Этот так называемый "миф" в той же мере был создан самим Чарльзом Дарвином, как и теми людьми, о которых упоминалось выше. В коротком сообщении о Дарвине, опубликованном в журнале «Природа» в июне 1874 г. (Nature, June, 1874), Аза Грей заметил: «Великая заслуга Дарвина для естествознания заключается в возвращении им в него телеологии: таким образом, вместо "Морфология против Телеологии", мы будем иметь "Морфологию в браке с Телеологией"...» «Дарвин, – пишет далее Леннокс, – быстро ответил: "То, что вы говорите о Телеологии, доставляет мне особенное удовольствие, и я не думаю, что кто-либо еще ухватил суть вопроса"». И далее в статье дается развернутая и довольно убедительная аргументация в пользу точки зрения, что Дарвин был телеологистом.
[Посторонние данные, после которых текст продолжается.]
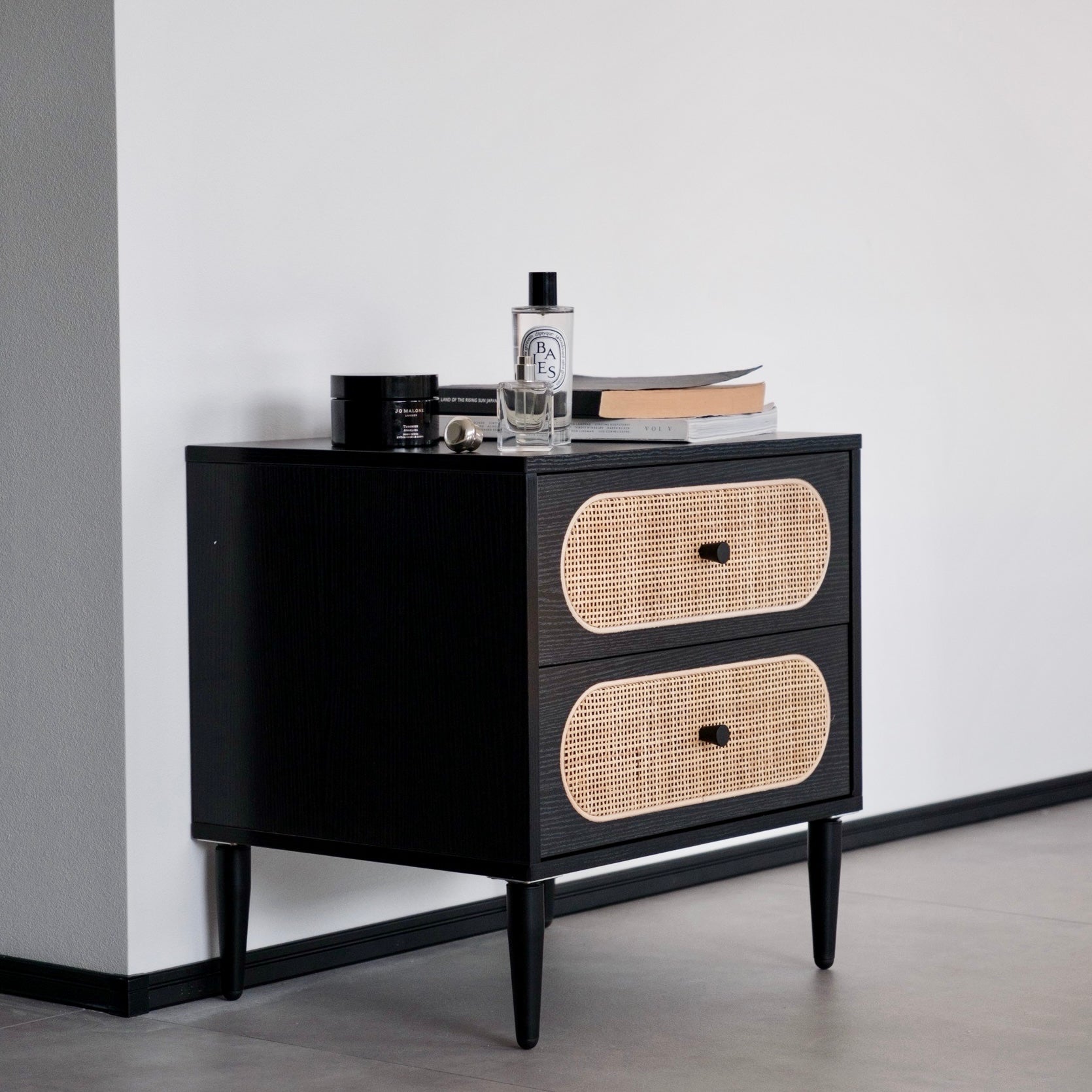 ブラック×ラタン サイドテーブル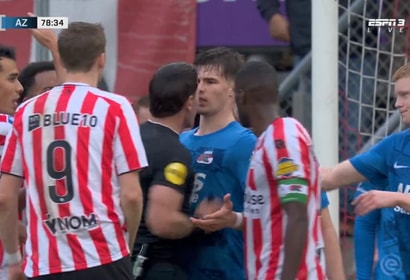 Danny Makkelie is helemaal klaar met Wouter Goes en deelt een flinke duw uit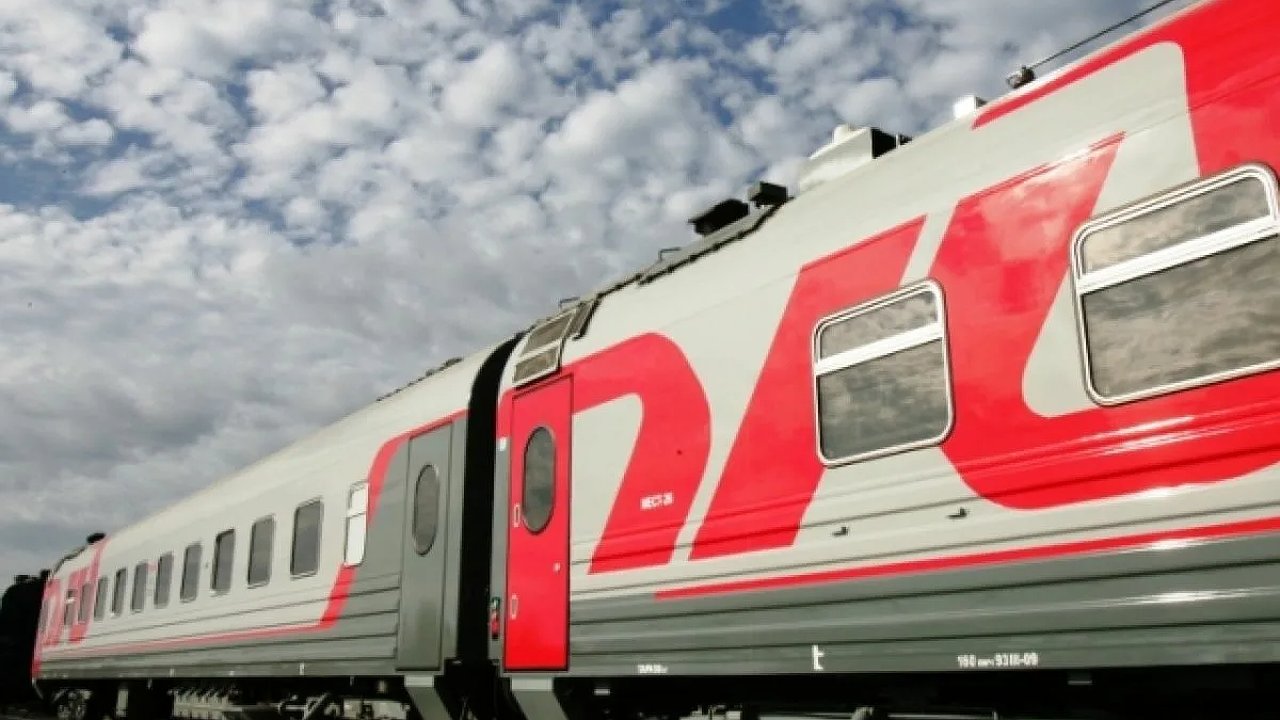 Главная картинка новости: Билет купил, но посадили другого - теперь в РЖД действуют новые правила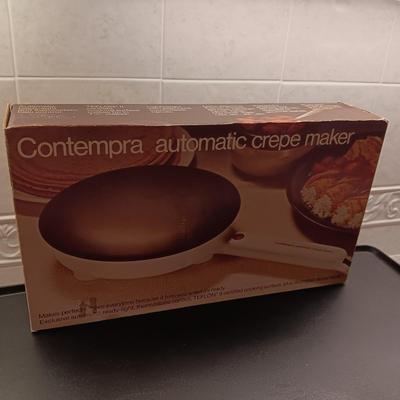 ELECTRIC TEFLON GRIDDLE AND AN AUTOMATIC CREPE MAKER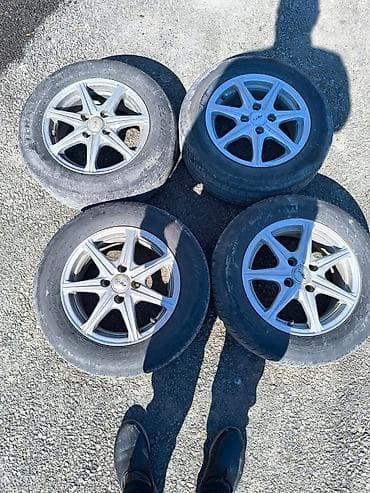 Колеса в сборе 195 / 65 / R 14, Лето, Комплект, Литые, отверстий - 5 at lalafo.kg Колеса в сборе 195 / 65 / R 14, Лето, Комплект, Литые, отверстий - 5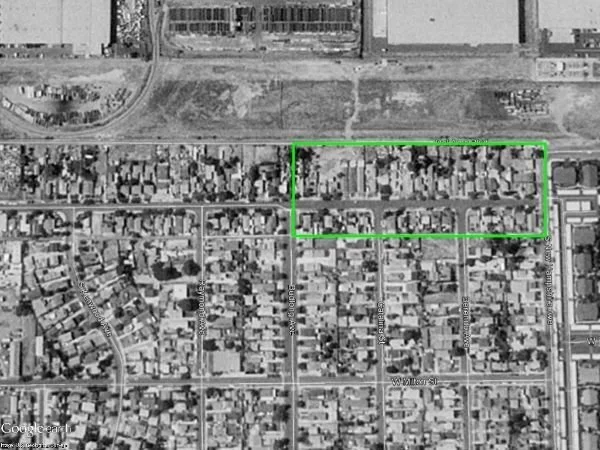Photo overhead of neighborhood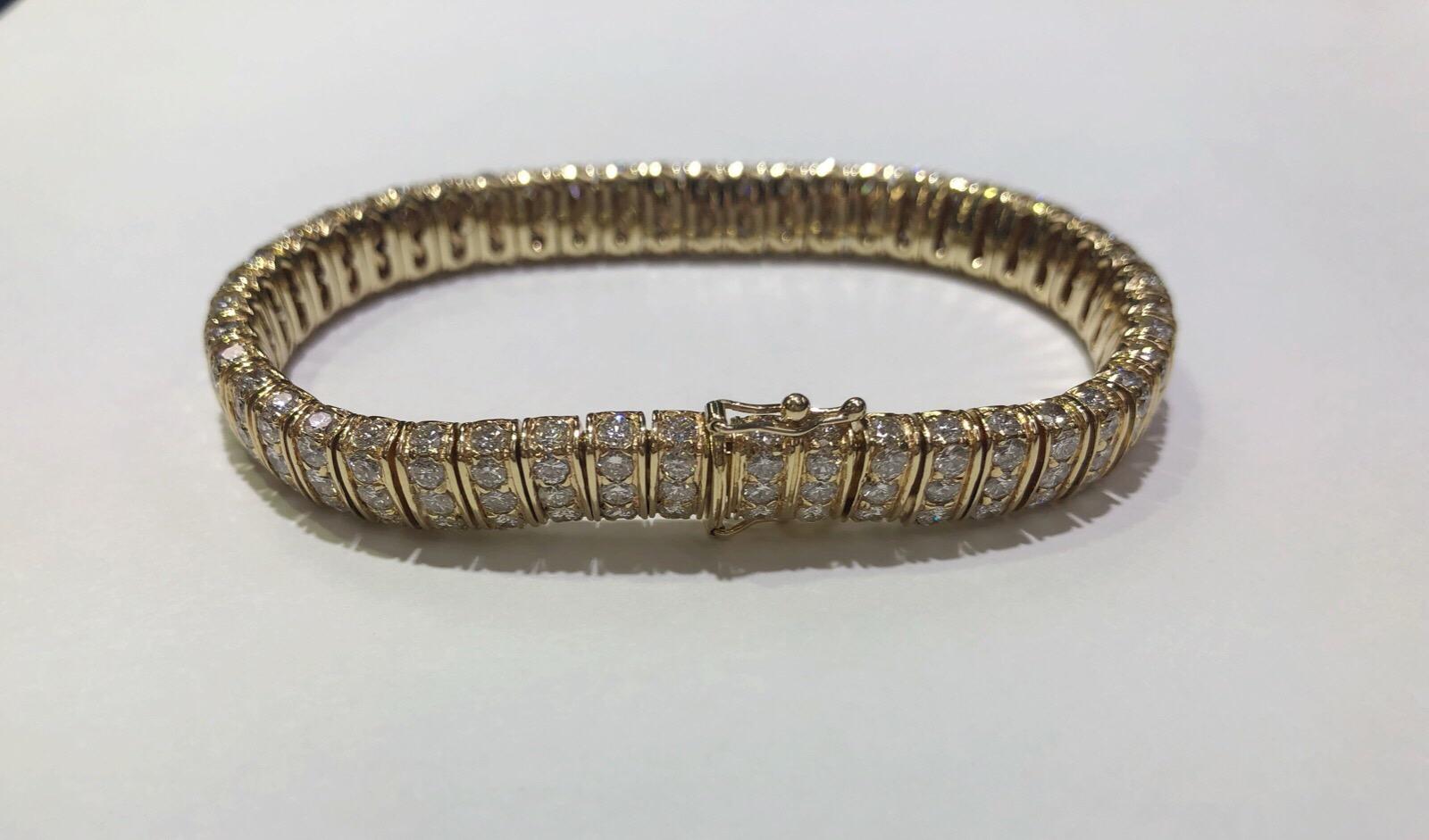 Taille ronde Bracelet en or 14 carats serti de diamants naturels taille ronde brillants de 12 carats en vente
В этой связи Леннокс, естественно, не мог не поставить вопроса: почему так долго и так упорно Дарвин неверно понимается специалистами, казалось бы, самой высокой и самой безупречной репутации? К тому же еще столь разными и столь разнообразными способами. Для пояснения этой мысли он воспользовался таблицей другого заметного современного специалиста в области философии биологии – Джона Битти.
|
За поддержку Телеологии |
За подрыв Телеологии |
Дарвина хвалят |
Аза Грей, Ф. Дарвин, К.А. Тимирязев, В. Бунд, Ф. Айяла, М. Рьюз |
Г. Гельмгольц и все материалистически ориентированные ученые-естествоиспытатели |
Дарвина порицают |
А. Келликер, М. и Б. Завадовские, А. А. Любищев |
К. фон Бэр, Н.Я. Данилевский и все идеалисты, виталисты и психоламаркисты
|
В чем причина столь поистине необычной реакции на теорию Дарвина? Ответ Леннокса таков: причина в том, что Дарвин, по существу, заново изобрел телеологию. Но его телеология, основанная на идее естественного отбора, являющейся логическим продолжением телеологии искусственного отбора, не могла быть согласована ни с одной привычной моделью телеологического мышления XIX в. «Заключение, что Дарвин не был телеологистом, – пишет Леннокс, – неумолимо проистекало из двух посылок:
- Единственно значимыми телеологическими объяснениями являются те, которые обращаются к божественному намерению, или внутренней жизненной силе.
- Дарвиновское объяснение не апеллирует ни к тому, ни к другому».
«Но дискуссии последних десятилетий, – утверждает он далее, – показали, что первая посылка совершенно неверна. Возможен и другой тип телеологического объяснения – объяснения в терминах естественного отбора. Объяснения с точки зрения отбора изначально телеологичны в том смысле, что ценные последствия признака (Дарвин часто использовал термины «преимущество», «польза») объясняют его сохранение и закрепление в популяции. Современники Ч. Дарвина в большинстве своем были совершенно не готовы к адекватному восприятию такой формы телеологии». «Парадоксально, – замечает в этой связи Леннокс, – что мы лучше подготовлены, чтобы высоко оценить достижение Дарвина, чем его современники».
Пожалуй, можно со всем сказанным Ленноксом согласиться. Однако представляется, что настоящие прорывы в решении проблемы телеологизма нас ждут еще впереди.